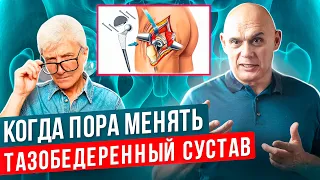 🦵 Когда нужно менять тазобедренный сустав, подготовка к операции. Тазобедренный сустав менять.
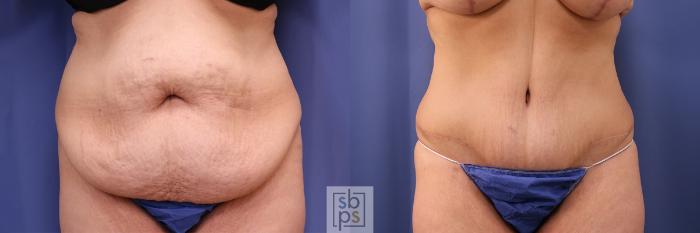 Before & After Tummy Tuck Case 402 Front View in Torrance, CA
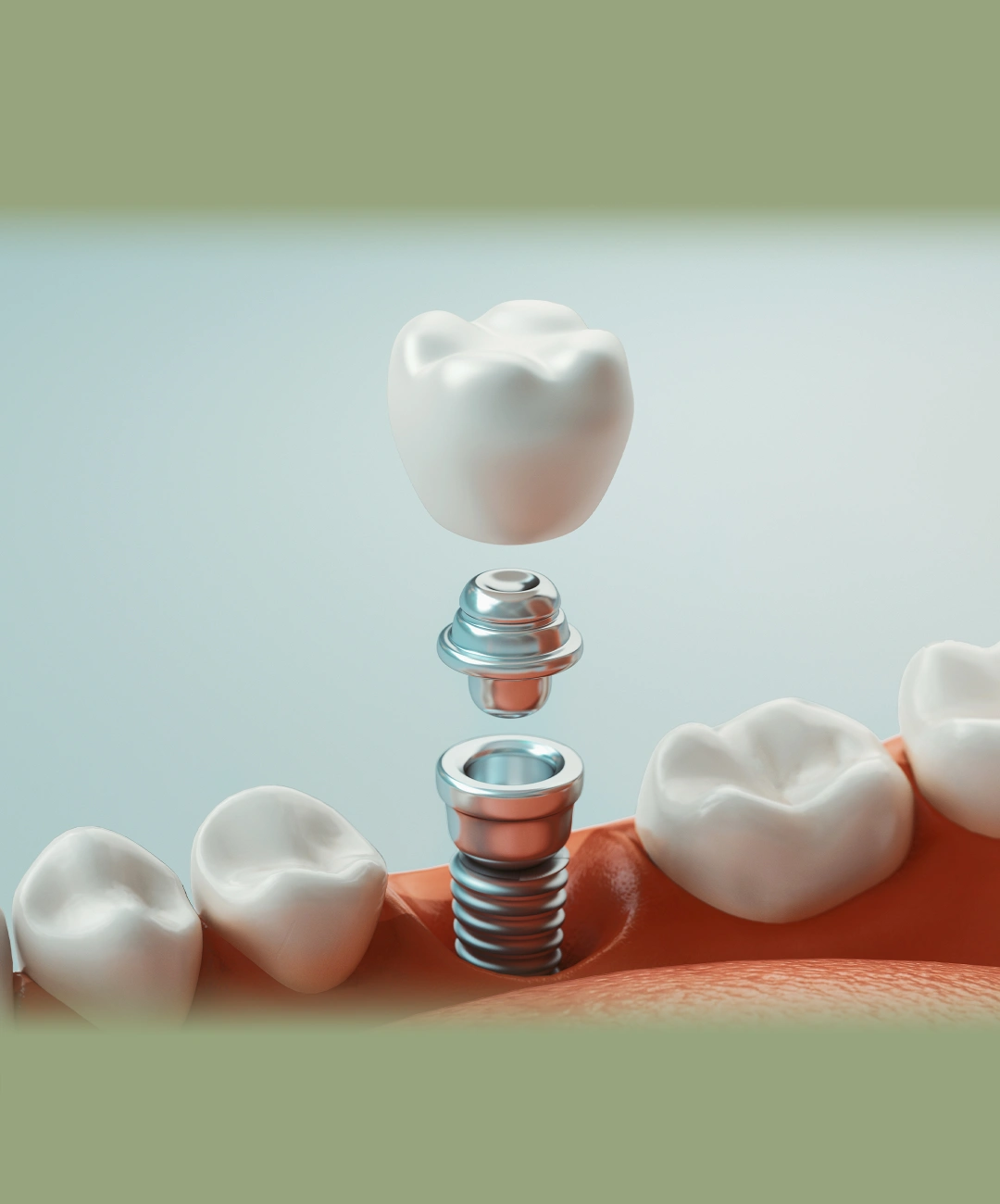 Banner da página Implantodontia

:: What you have to do ::
Where a picture appears, skip it; repeat everything else in the data exactly.

:: Answer to the exercise ::
 🦵 Когда нужно менять тазобедренный сустав, подготовка к операции. Тазобедренный сустав менять.
 Before & After Tummy Tuck Case 402 Front View in Torrance, CA
 Banner da página Implantodontia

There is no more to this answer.